Bac Ha District in the mountain province of Lao Cai in northeastern Vietnam is famous for its specialty food as well as its tradition of racing pack-horses.
|Two horsemen attempt to overtake on the race-track|
Participants in the horse-racing are the local farmers. Although they aren’t professional horsemen, they are experienced in the art and select good horses and care for them as they prepare for the races.
Thao Seo Lenh, who has participated four times, said that any rider expecting to enter the races needs to choose the right horse that is good in both tilling and as a pack-horse.
The best horses are of age five to eight with great height, tapering legs, white teeth, smooth backs and thick manes.
Riders usually rest their horses for three to four days, isolate and feed them with nutritious paddy, corn and soybean before an upcoming race.
According to Lenh, a rider often sits near the horses’ shoulders in order to allow greater speed and coordinates well with the horse at every gallop.

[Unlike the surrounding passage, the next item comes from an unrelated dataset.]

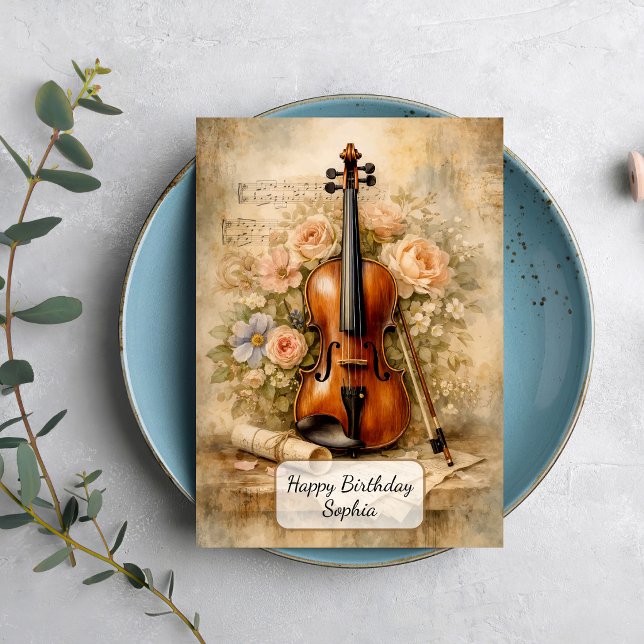 Tarjeta Composición Floral de Violín Antiguo (Subido por el creador)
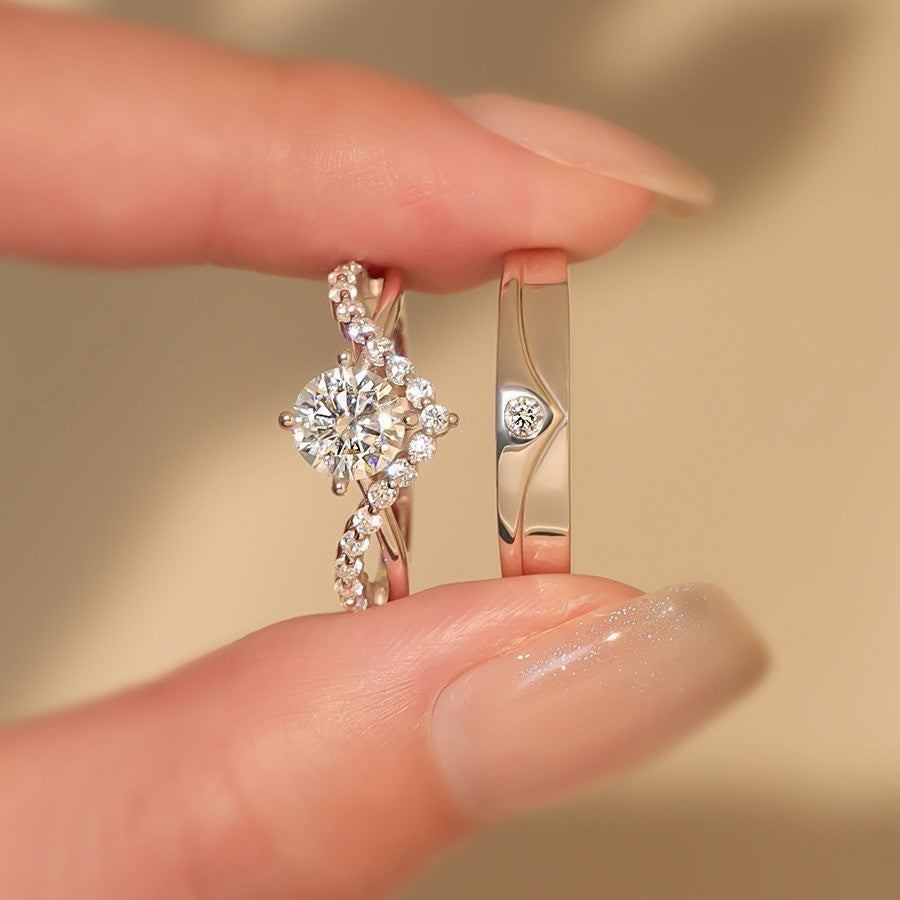 Crown Love One Pair Of Lovers Rings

Not just the riders, many other inhabitants of Bac Ha are very knowledgeable about horses. Giang A Vang, for example, can not only predict exactly the achievements of the horses in the race but also knows many traditional remedies to cure sick horses.
“Horses often get pneumonia. They need to drink a mixture of crushed dried cardamom and spring water three to four times a day to recover,” said Vang.
Equipment used in the races is simple. Riders wear normal helmets and a piece of brocade cloth is laid on each shoulder of the horse, instead of a harness.
The riders control their horses with long leather bands fastened to the horses’ jaws, instead of whips.
These races are not just an exciting sport but hold a deep traditional meaning. They are an occasion for local people to demonstrate sportsmanship and gather together to show off their colorful brocade cloth, drink corn wine and eat their specialty dish, made from horse meat.